Monday, October 11, 2010

eBooks and Book Clubs

This past Friday my book club met to discuss Frankenstein. I thought this meeting was a prime opportunity to test out my Nook in a book club setting, especially since Abby and I normally share a copy at our meetings, and I tend to be a book hog (and have so many pages flagged that it can be disorienting for someone who doesn't understand the system).

All I can say is that, while readers are trying to create a book club atmosphere through online sharing and conversations, they fail for me in an actual book club setting.

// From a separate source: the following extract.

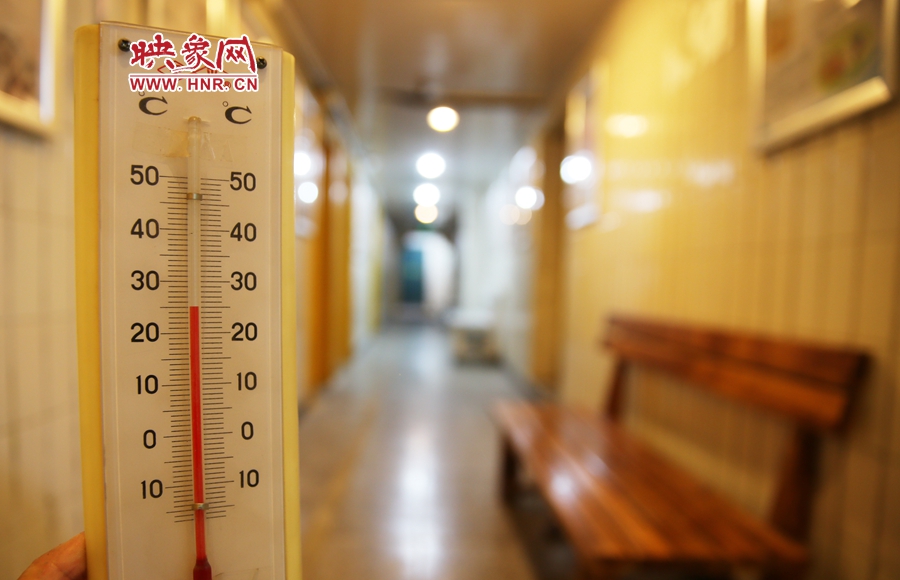 金水區(qū)人防辦（珠江琴行）納涼處溫度為25度。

A few notes before I begin: 1) I used the Nook, so discerning readers might think, "These problems are specific to the Nook; a different device might not have these same issues." While that could be the case, my intuition is that the Kindle or the iPad or the Sony Reader wouldn't fare much better. I will leave that to my readers to decide. 2) When I reviewed various readers before, I mentioned that the highlighting feature on the Nook was rudimentary at best. I'm still waiting on the software update to correct the terrible design of this feature. When this happens, the experience could be improved (I know Sony's readers and the Kindle are already better at highlighting and organizing highlights than the Nook), but I'm not sure how much. 3) The "find" function could be useful in a book club setting, but I didn't have an opportunity to test this out. 4) I didn't care for Frankenstein too much, so it could be the book that caused the bad experience. Time will tell.

I brought the device to book club, but I didn't really use it--at all. Here were my main problems:
  • Reading devices are still fairly new. I was the only one to use such a device, so I felt a bit showy whenever I'd pick it up, even though I bought the cheapest (though, in my opinion, best) device available at the time.
  • When conversation dwindles, like a good introvert I flip through the pages of the book to avoid eye contact, sometimes actually looking for a passage to read, other times pretending to look for a passage to read. In either case, I often find something worthy of mentioning to the group. This serendipitous way of finding passages is much harder on a device since you have to go page by page or drag using the progress bar (in either case not as easily managed as finding your place in the flipping pages).
  • I don't have a photographic memory, but I can often remember where an important passage is located on the page and where it is located generally in the book. With a reading device, all pages look the same, and there's not a tactile way to remember where in the book you are. You can memorize the progress bar, but I don't think to do so, and I don't always remember the exact words of a quote to be able to search for it.
  • The passages I highlighted on the device were poorly organized and not searchable/indexed by my notes, which is problematic (and also fixable with a software upgrade--hopefully soon!).
  • This wasn't a problem for this book, but it could be for other books: page numbers between the printed book and the eBook do not match (unless the eBook is in PDF format, which most eBook devices have a hard time with). Abby and I were both using the B&N version of Frankenstein, but even our books didn't match up. An easy solution for this, I think, would be for developers to include tags in the text that would let users know where pages end in the printed book. (Ideally this feature could be turned on and off--am I too picky?) I had a version of Ulysses that placed the page numbers of the first edition of Ulysses in brackets; this is what I'm envisioning, I suppose.
  • Using a device felt like inserting technology where it didn't belong. I'm not a Luddite, but I feel like for all that technology might add to the book club experience, it takes away still more. We have enough interactions with one another that are faciliated through screens. Even though the reader's screen is meant to mimic paper (and the devices themselves aren't good at much besides displaying text), it seems like the device is "poaching on the sancta" of the physical book.
I'm not sure these are good reasons why a reading device didn't work for me during a book club, but they are my reasons. While I really like my eReader for most kinds of private reading (sometime I'll talk about my experiences reading fiction vs. nonfiction), I think it will be a while--and a software update--before I attempt to bring mine to book club again.